Knowing how to grab the listener’s attention right from the off is a skill in its own right. Most try to do it through a swift musical punch, Shawn Dinero instead choses to kick things off with a fairly uncomfortable soundbite from True Romance. But it isn’t just an excuse to get the N word in early, to be controversial; discussing, as the characters in the film are doing, Moorish heritage and cultural impact, is a great way of  establishing an underlaying theme of the album. Circle 7 is also the name of the Moorish Science Temple of America’s holy book and this album takes many of the same themes and weaves them through cutting edge Hip-Hop and underground Rap.

And right from the word go there is something very unique about the music. It may be front loaded with the sort of lyrics and beats that such genres have called their own since it moved out of South Bronx youth centres and into the wider world but there is also an intricate network of arabesque musical blends, intricate exotic textures, and deft and sumptuous sonic layering. The perfect blend of east and west, orient and occident.

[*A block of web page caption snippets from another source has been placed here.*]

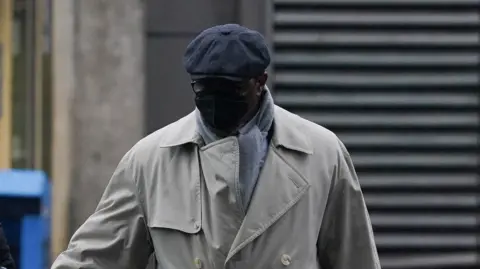 Charles Ehikioya is wearing a beige trench coat, grey flat cap, black face mask, glasses and a light grey scarf is seen walking outdoors.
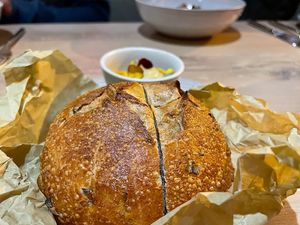 Leek Bread & Marigold "butter" at Oyster Oyster in Washington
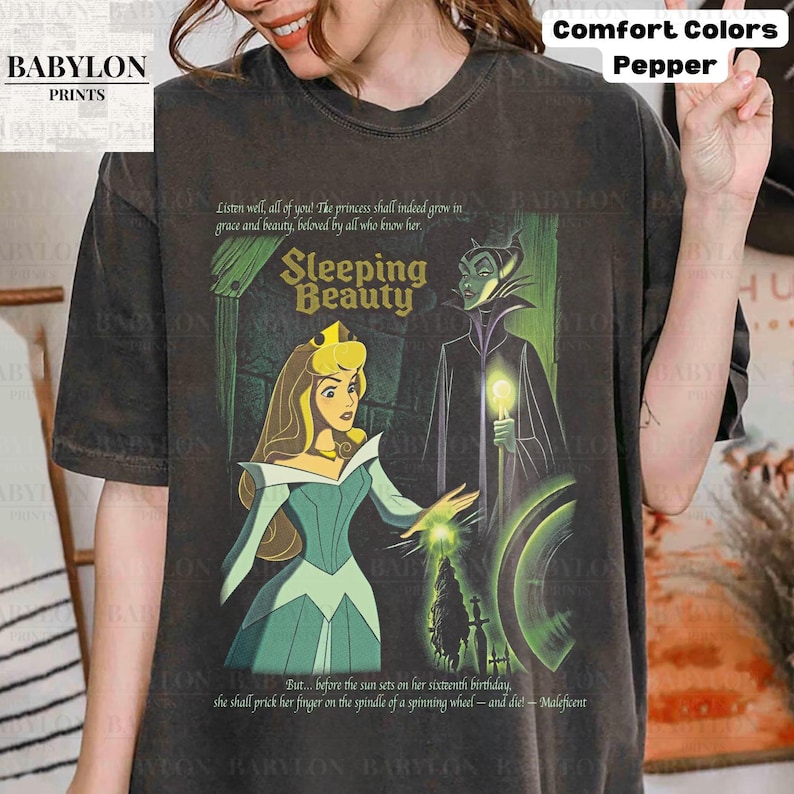 May include: Dark gray t-shirt featuring a Sleeping Beauty graphic. The design includes Princess Aurora, Maleficent, and text from the movie. The shirt is from Comfort Colors and has the Babylon Prints logo.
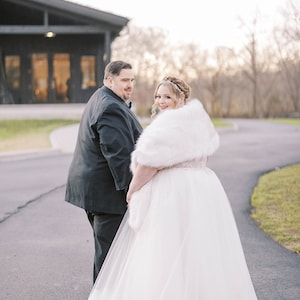 May include: A bride and groom walking down a paved path. The bride is wearing a white wedding dress with a fur shawl and a tiara. The groom is wearing a black suit. They are walking away from the camera and smiling.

But although such unique musical  motifs are the most obvious early musical reference, it is far from the only one. Melting Pot is shot through with wandering chamber pop flourishes and fluttering incidental music, Broken Heart balances the straighter rap deliveries with 60s infused soul and King of the North juggles everything from renaissance keyboard sounds to futuristic electronica, skittering beats to brooding bass lines.

Rap and Hip-Hop has always been as much about the message as the music and Circle 7 is as astute slice of social commentary as you will find in this or any other genre. Supreme Rhyme Mathematic is a from the heart reflection on the streets that the artist comes from and the possibility of using music to rise above its daily grind and dangers. A familiar theme perhaps but there is something honest here about the the way that the subject is dealt with. Liberation is a call to arms, or at least a call to awareness, an anthemic reminder that you can destroy the revolutionary or freedom fighter but not the revolution or the fight for freedom using rebellious rap and political soundbites.

Hip-Hop and the Rap scene that it spawned has, in many people’s eyes, veered too far from the cultish and the underground and made its home in more commercial realms. And whilst there is nothing wrong with using such a path to seek a better life, to become successful, that path all too often requires the artist to compromise their style, their beliefs, their message and play by the music industry rules. What we have in Circle 7 and Shawn Dinero is an album and an artist who makes music capable of reaching out to a wider audience, to break out of the underground, but do so without watering down the message. And that is what is known as integrity.